Real-Life Attack: Hacking an MFP

I was recently on an internal network penetration test where I was placed on a subnet with very little action—no typical user credentials floating around for me to intercept for a quick win, no weak devices, and very few hosts within my immediate grasp.

In situations like this, penetration testers are forced to the more traditional, oftentimes harder, workflow of enumerating the environment, scanning for open ports, running services across the network, and leveraging an exploit or escalation.

At this point, I started port scanning other subnets. What came back were the usual suspects like web servers, FTP servers, SSH, and a host of Windows services that were running. I like to visit web servers specifically, because oftentimes they’ll be hosting services that were never hardened before deployment, and therefore are configured to allow administrator access via default credentials. Printers and IoT devices are notorious for this.

Sure enough, I found several MFP devices that were never adequately hardened, allowing me to log in to their administrative interfaces via web browser:

These specific MFPs had a robust set of configuration options and features, which got me thinking that there must be a write-up or other research detailing ways to manipulate the device for malicious intent.

In short order, I came across a module in the Metasploit Framework (a ubiquitous penetration testing toolkit) that had been designed to retrieve plain text credentials from this specific device’s make and model via the management port, 50001, which hadn’t caught my attention during my initial port scan.

At this point, all I had to do was set the printer IP addresses and the administrator default credentials:

And after running the module across several of these MFPs, I was greeted with numerous sets of domain user credentials in plaintext. This was possible because of how the MFP stores address books that users can set on the device for frequently visited destinations internally via SMB, FTP, email, etc. The module uses this functionality to extract these stored account credentials that I could leverage during further testing, as in the image below.

I then accessed additional resources in the domain like any other basic user, since I was a domain user now.

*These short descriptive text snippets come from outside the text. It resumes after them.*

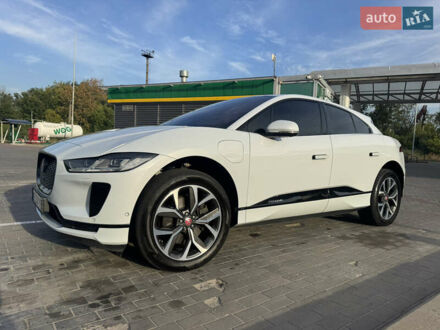 Ягуар I-Pace 2018 в Днепре (Днепропетровске) на Automoto.ua Белый Ягуар I-Pace, объемом двигателя 0 л и пробегом 161 тыс. км за 23500 $, фото 1 на Automoto.ua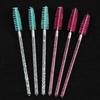 Wanjia Crystal Spiral Lash and Brow Brush - Fine, Disposable, Special Color for Wedding and Beauty Use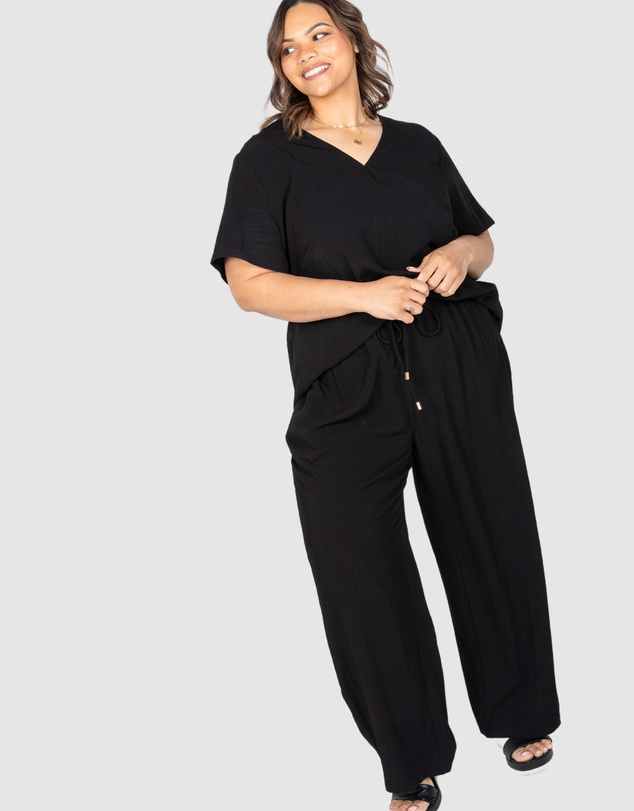 Love Your Wardrobe - Yasmin Soft Dressing Pants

It took no more than 30 minutes to go from my location after leveraging a misconfigured printer to becoming a domain administrator. And this was all because a printer’s password hadn’t been hardened before deployment.

Secure Your Systems, Prevent Attacks

So, how can you prevent these types of attacks?

  • Have a robust process that administrators must execute to harden devices like IP cameras, scanners, smart productivity devices (such as Amazon Echo), and even smart appliances such as refrigerators that connect to your network before deployment
  • Maintain a test environment that’s completely removed from the production network in order to test deployment configurations for adequate device security hardening
  • Do your homework on any device you plan to purchase for known security issues (including how robust their user support offerings are, etc.)
  • Practice Defense in Depth by ensuring that every layer of your network has adequate controls in place to prevent escalation by an attacker when another control malfunctions; there should be no single point of failure
  • Make sure you’re properly segmenting your network so any known vulnerable or legacy devices can only be accessed by those hosts with explicit rights to do so

Conclusion

While I leveraged one kind of MFP, there are hundreds of these devices of varying makes and models that are vulnerable to similar kinds of attacks—along with their very own exploits for all to use. When broadening this issue to the larger category of IoT devices in general, the attack surface is exponential. It may be easy to overlook the risks associated with these machines, but adequate preparation and security procedures must be implemented to prevent hackers from penetrating these seemingly risk-free devices.